The second article is mostly an opinion piece. And one written by a CTO, i.e. somebody whose livelihood exists on the notion technology can and will solve all our problems.

Even before computers, for that matter. As soon as any kind of calculating machines became a thing, people who understood that chess is a fully deterministic game understood that it was theoretically possible for a machine to calculate a theoretically optimal sequence of chess moves. Nothing “magical” about it.

As you [ETA: and Great_Antibob] note, the only reason that “chess engines” didn’t reign supreme much sooner was the practical limitations on their computing power.

I was referring to the Deep Blue/Kasparov match in 1997. Maybe enlightened programmers weren’t shocked by the outcome, but the general public and chess aficionados were.

And at that computers weren’t beating grandmasters because of some deep understanding of the game: they were brute-forcing a few rules of thumb and then exploiting what amounted to an internal moves library to pick a statistically most likely to lead to victory move.

Precisely and now the situation is reversed. The programmers would be shocked at an AI developed in the next couple decades good at administering a justice system while the general public is out there coming up with Frankenstein scenarios of ultra-powerful AIs.

Okay, sure!

But you’re trying to use this as an example of a transition from “magical thinking” to reality, and that’s simply an inaccurate description of what happened. Deep Blue (and Deep Thought a decade earlier) was really really neat, but that was always where it was going. It was a logical outcome predicated on steady and predictable increases in computing power.

What you’re positing is not a logical outcome to a steady and predictable increase in computing power.

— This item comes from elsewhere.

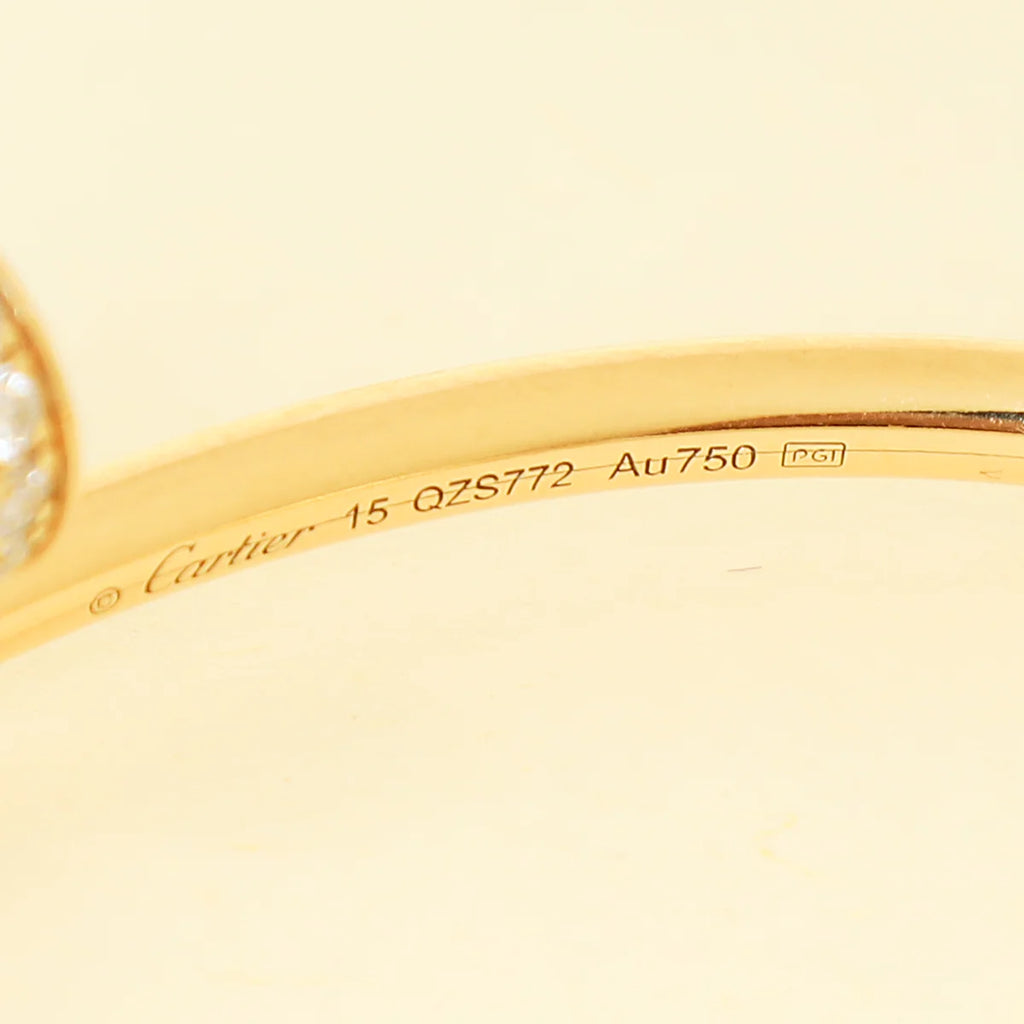 Cartier 18K Yellow Gold Juste Un Clou Diamond Small Model Bracelet 15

A true artificial intelligence capable of administering justice in a perfectly fair manner is (currently) science fiction. It’s not just “what we have now but running on a more powerful machine.”

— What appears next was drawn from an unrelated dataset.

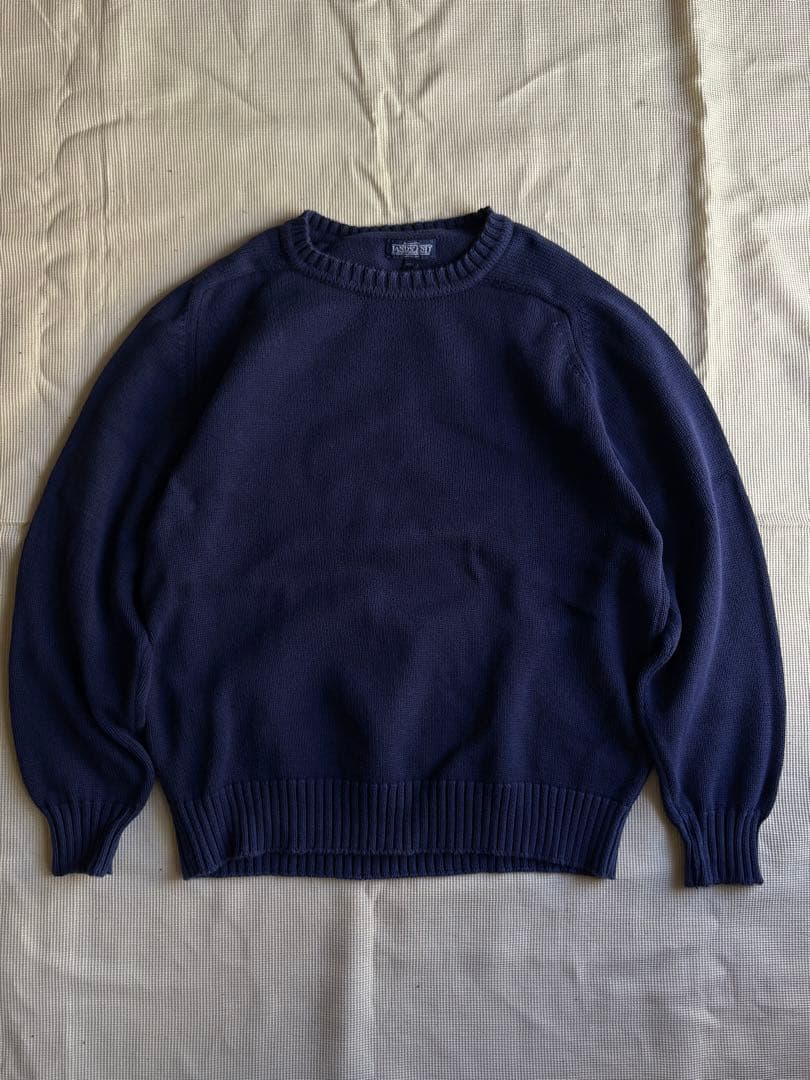 トップス made in usa lands'end cotton knit navy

That comment nearly fried my chips. I’ve got to go offline and cool my motherboard.

Humans have never been able to weed bias out of any system we’ve created. Why are you so certain we’d be able to do it with AI systems? If we could make AI systems without bias, why would we need them to adjudicate our legal system in the first place? Why wouldn’t we just make the justice system itself without bias?

For one thing, a typical trial includes a single judge, alongside one or two attorneys on each side of the defense and prosecution. The strength of numbers can be a powerful force in mitigating bias, assuming a collective commitment to impartiality. When a system of checks and balances is in place, biases tend not to be cumulative; rather, they are diminished.

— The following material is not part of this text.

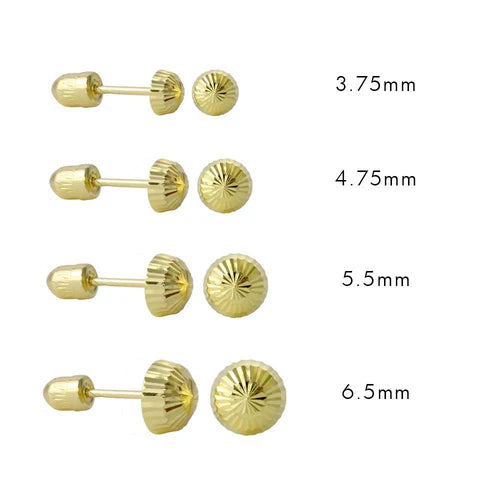 14 Karat Yellow Gold Diamond Cut Half Ball Screw Back Stud Earring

The verdict of a case seems more trustworthy to me when determined by a panel of 12 jurors rather than one. Similarly, I would prefer the judgment of a collective of judges over a single judge, who might be influenced by transient personal issues. I’d also like a team of lawyers on my side, rather than one.

A lone judge may be more susceptible to undisclosed biases compared to a collective of judges. Likewise, a team of thoroughly screened programmers is less likely to exhibit bias than an individual programmer, or a single judge.

The only self-described libertarians I have met, also tend to be wealthy, or at least upper middle class.

There is a strong “fuck you, I’ve got mine” attitude. I am yet to meet a libertarian who is in the working class, trying to support their family.

In my opinion, a Libertarian society would go fast into a “Lord of the Flies” situation, which is not far removed from pure fascism.

Screened by who?

Screened by my gaggle of well-respected sitting and retired judges, as I mentioned upthread.

Right. Who was screening those judges for the programmer screening job, again?

That would be me.

No, I think you’re asking for too much accountability. A manageable team of respected judges is fine, but too many cooking judges spoil the broth.

Managed by who? Respected by who?

I’ve met a couple of academic libertarians who didn’t have that vibe.

A little orthagonal, but I liked this image:

Managed by the team leader. Respected by the large cross-section of folks who voted them to the position.